8 answers
Yubing’s Answer
N’s Answer
If you want to become a data scientist, you can start by taking some free courses online, learn more about data science in general. Get familiar with the concept of machine learning, as there are tools that will take over a lot of what we currently do as data scientists today. In parallel, you can get into coding a little bit, try to get familiar with SQL coding (there are so many resources online to learn). In addition to SQL, Python is a good one to add to your skills. Data manipulation tools such as Alteryx are a great add, and have free training available online. Data visualization is also very important, so make sure you get familiar with tools such as Tableau or Power BI. Hope this helps!
Ilaria’s Answer
As data scientist, I think it's important to have a very good understanding of:
- computer science: you need to be able to code. You would need to know very well SQL and Python or R as a minimum requirement.

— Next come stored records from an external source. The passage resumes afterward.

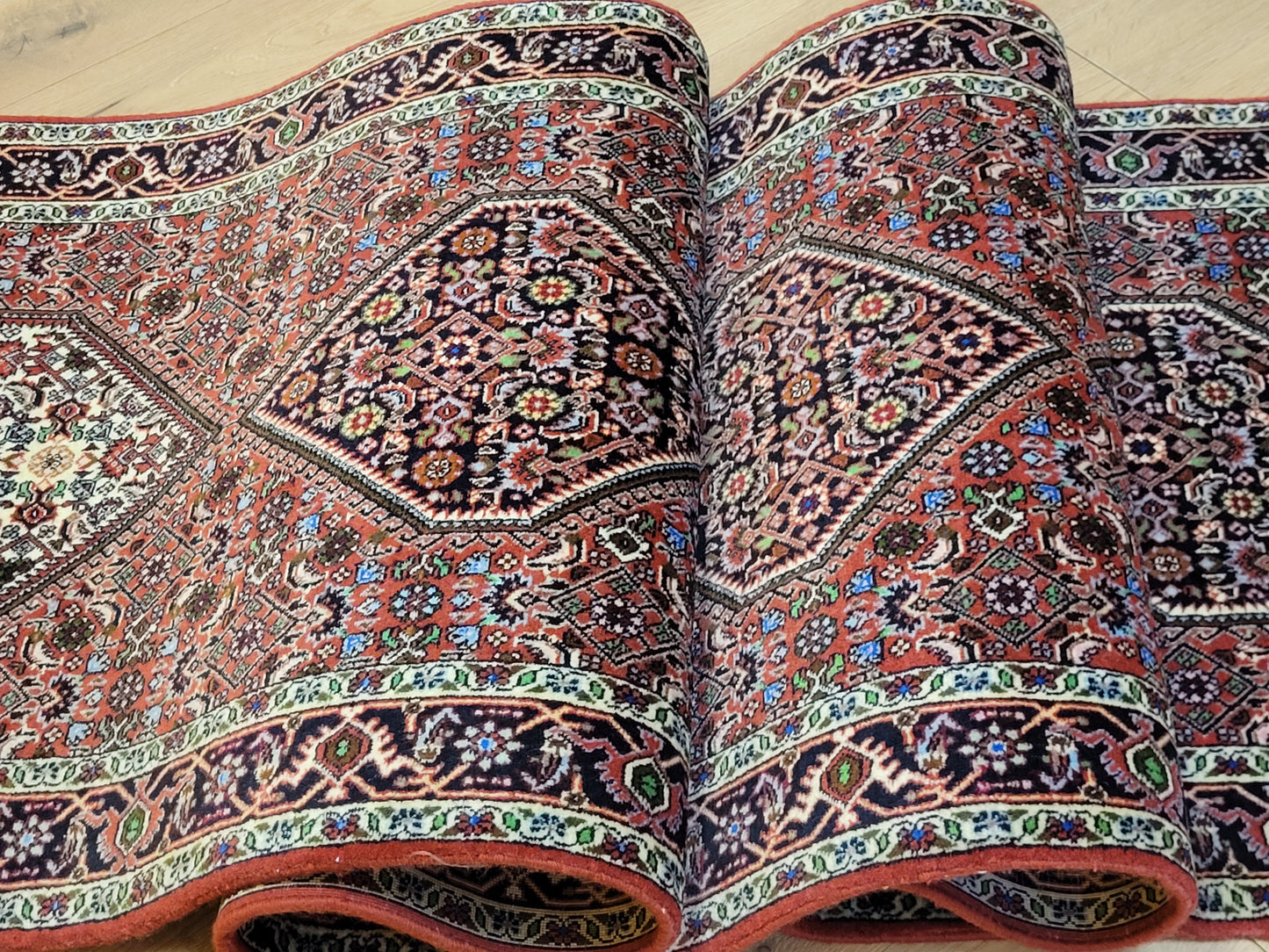 Handgeknüpfter Perser Teppich aus Korkwolle Bidjar Metallion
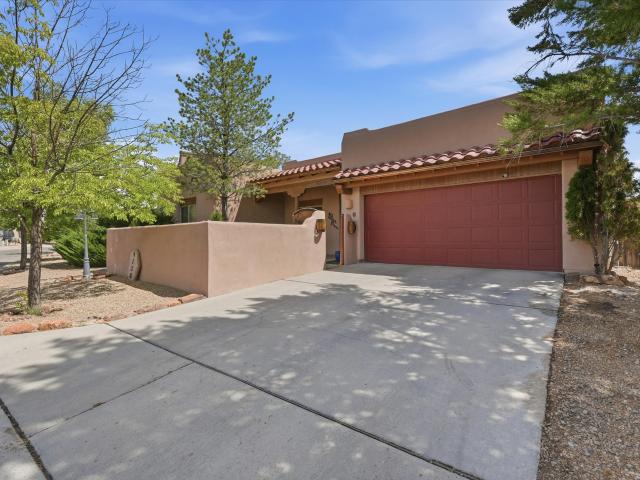 House for sale in Santa Fe, New Mexico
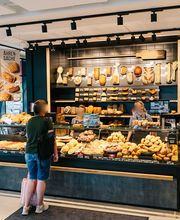 Junge Die Bäckerei. Bild 14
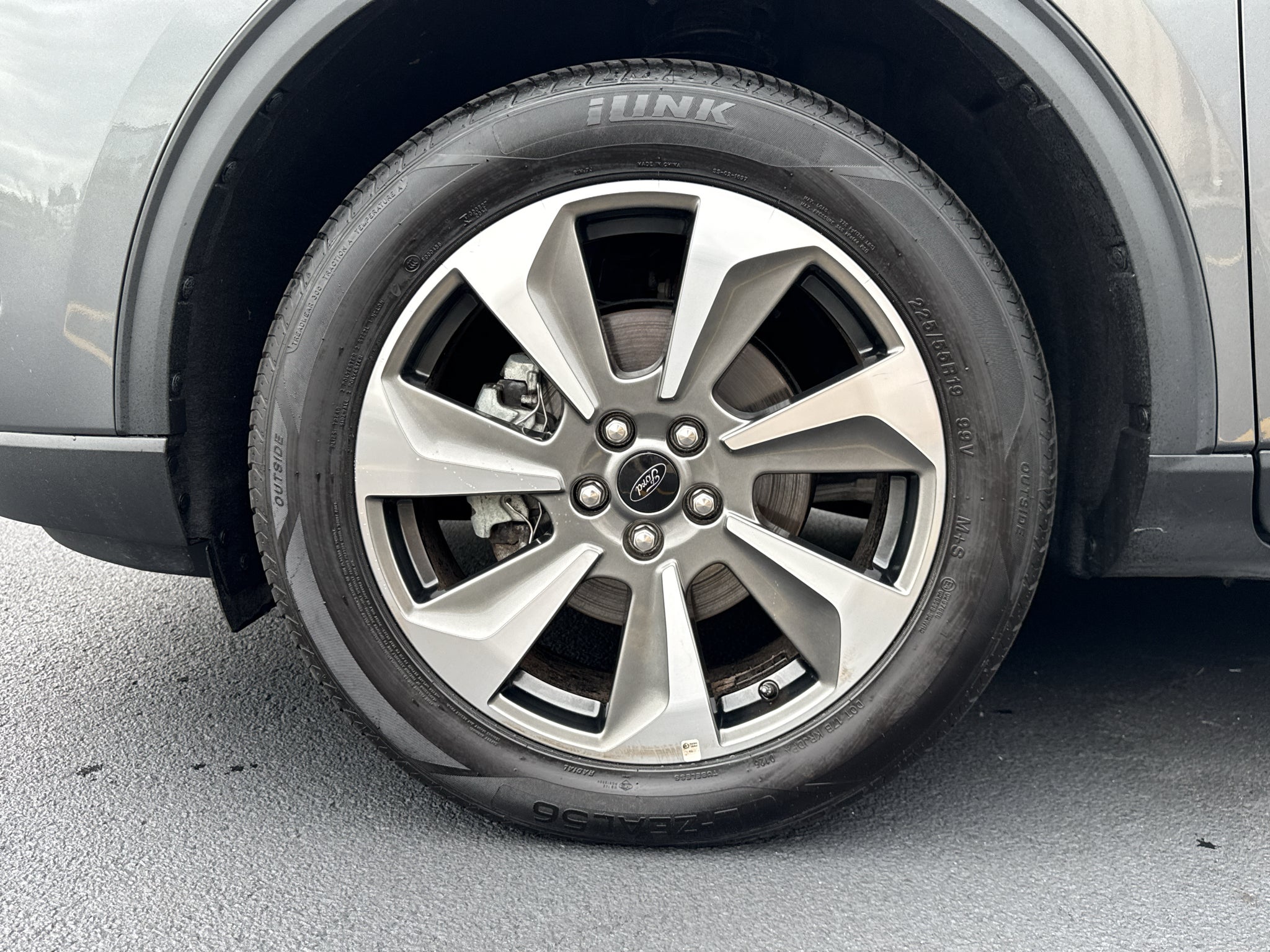 2025 Ford Escape Platinum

Those languages are not very complex to learn and they are used in several fields
- statistics: machine learning and statistics go hand in hand. It is very important to understand basic statistics concepts like probability, distributions, hypothesis testing just to mention a few.
- machine learning: ML is key for certain data science positions. Often you would find yourself in the situation of deciding which ML model to run and why. It is very important to have an understanding of which models exists, what do they solve and when they can be applied.

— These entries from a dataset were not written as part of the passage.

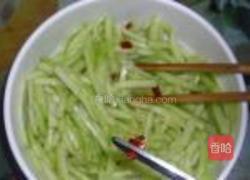 凉拌瓜皮的做法图解6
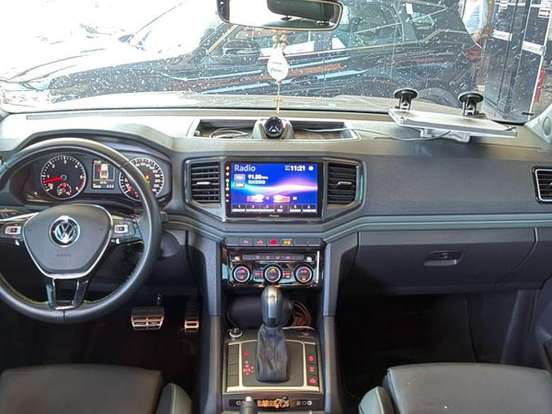 VOLKSWAGEN-AMAROK-3.0 V6 TDI DIESEL BARRETOS 70 ANOS CD 4MOTION AUTOMÁTICO VOLKSWAGEN-AMAROK-2025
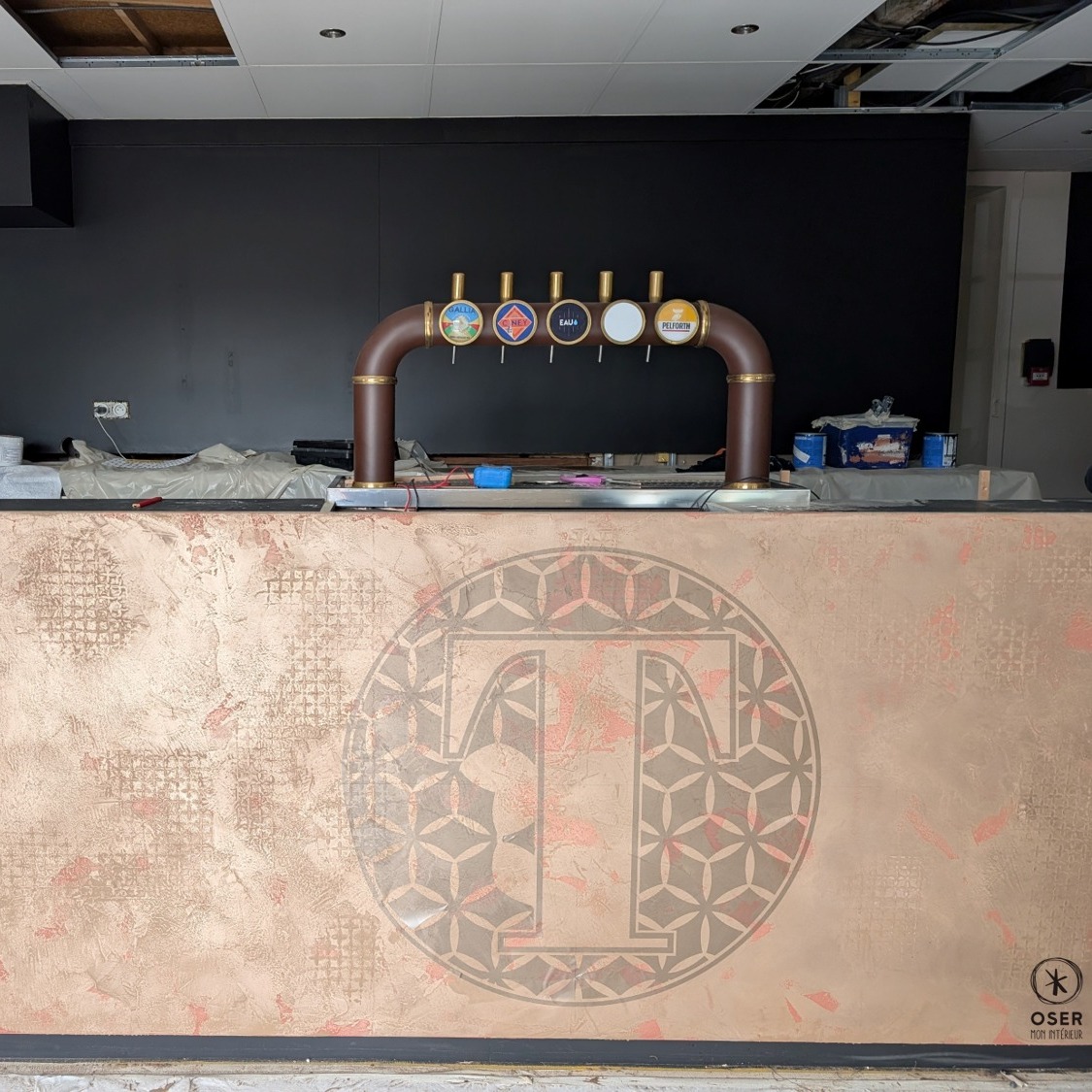 Les travaux de transformation du restaurant sont officiellement lancés ! 🔨
Un nouvel espace, une nouvelle ambiance… Nous sommes ravis de vous faire découvrir ce projet qui donnera une toute nouvelle identité au lieu.
Vous pouvez enfin découvrir le bar ainsi que la nouvelle peinture, qui nous plongent déjà dans l’atmosphère du restaurant !
____________________________________________
#resturant #terracotta #moderne #agence #agencementinterieur #agencement #inspiration #conseildéco #travauxderenovation #travauxencours #architecteinterieur #architecture #architecterennes #createurinterieur #travaux #rennes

- visualisation: being able to have a graph describing your results or analysing data using visualisations techniques is also very important. You might have to create a dashboard to summarize your results. Tableau is a very good tool which is not very complex to use and it is widely used.
- presenting: as data scientist you will find yourself involved in discussions both to decide what to do and why, but as well to present your finding and explain clearly (without going into too many details) what you achieved. Having good presentation and communication skills is important - and not something just for DS.

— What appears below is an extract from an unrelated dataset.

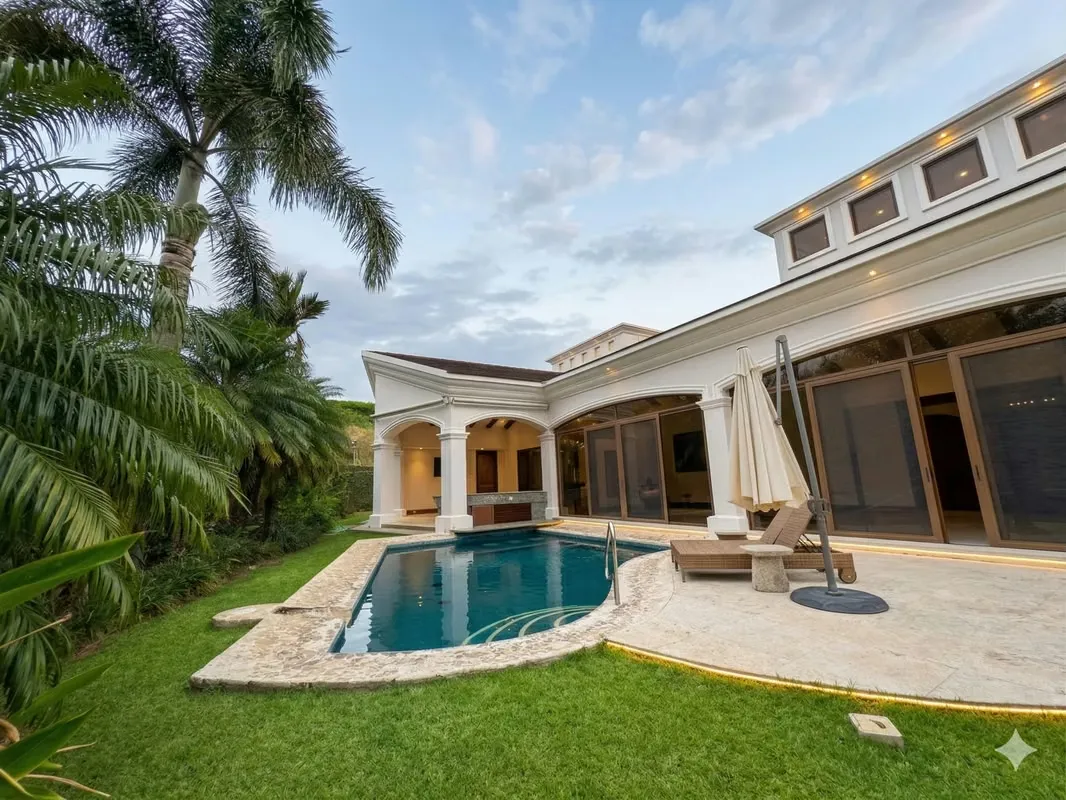 HOUSE FOR SALE IN BOSQUES DE LINDORA*
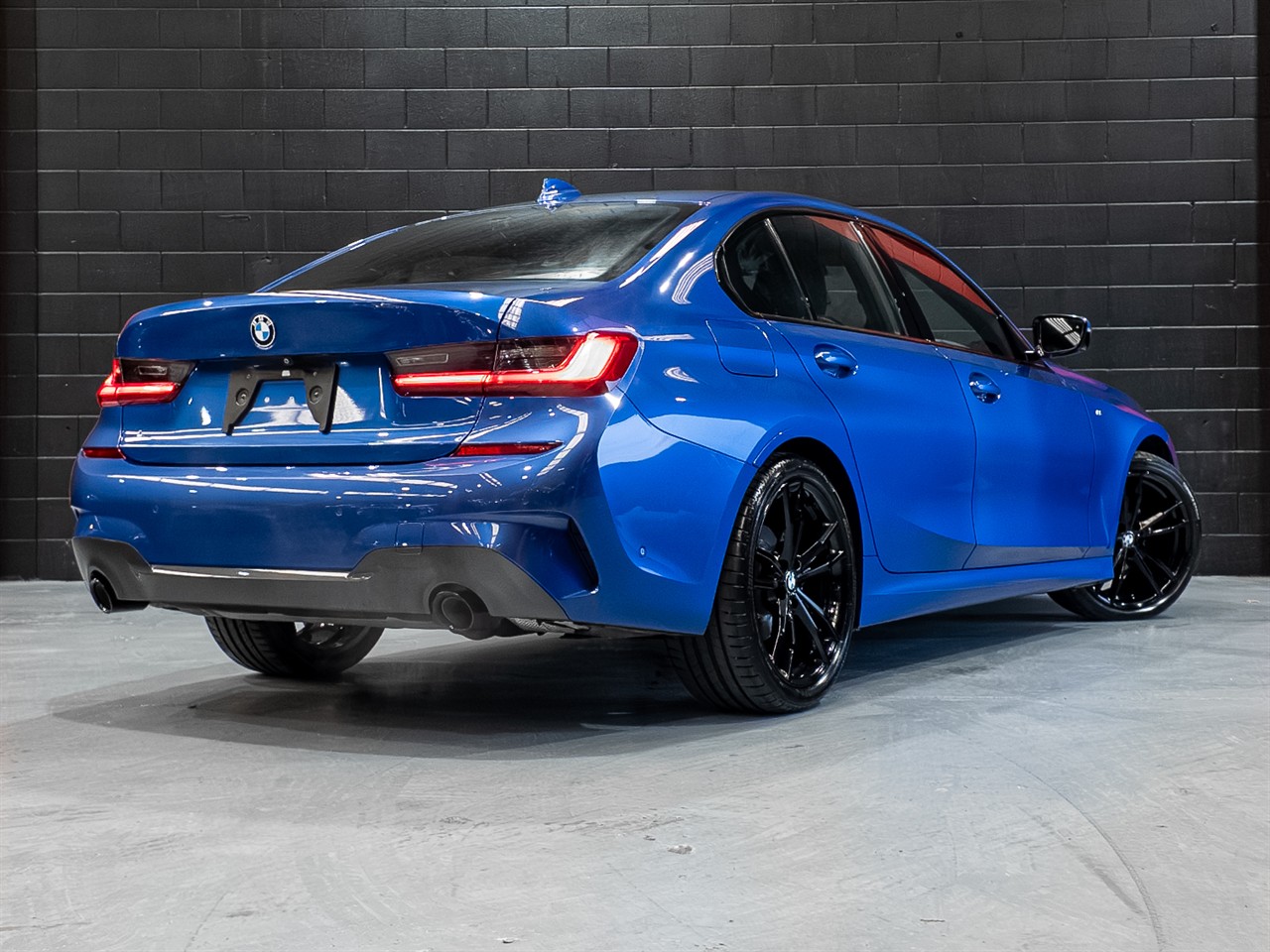 2019 BMW 320I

- logical thinking: another important skill is an analytical mindset that can adapt to solve different problems. This is something that you acquire working on different projects and with experience.
There are plenty of online courses that can help you acquire those skills (see attached links).
I hope to have given you a good overview of some of the most important skills to have to become a data scientist! You might feel it is a lot but don't feel discouraged! You will always learn new things and skill during your career!
Regards,
Ilaria
Ilaria recommends the following next steps:
Paula’s Answer
Sheila’s Answer
Hi Waweru:
Data scientists are a relatively new type of computer scientist who focus heavily on solving problems by using their skills in statistics, computer programming, and machine learning to analyze very large data sets.
Data scientists could potentially have a number of different educational and professional backgrounds, as long as they have the necessary skills to be successful. However, pursuing a bachelor's degree directly in data science or in a related field such as computer science would likely help you acquire these skills. Some individuals may be interested in also obtaining a master's degree to further specialize and hone their skillsets. Below are the skills required in a data science career:
REQUIRED SKILLS:
Individuals who want to work as data scientists will need to be highly proficient in a number of computer programming languages, like R, Python, and Matlab. You will use these programming languages extensively as a data scientist in order to properly analyze and visualize data sets. They also are used for machine learning. Mathematical skills are also important in this field, especially in the areas of statistics, linear algebra, and probability. In addition to these skills, data scientists often work with large amounts of data, necessitating an ability to stay organized.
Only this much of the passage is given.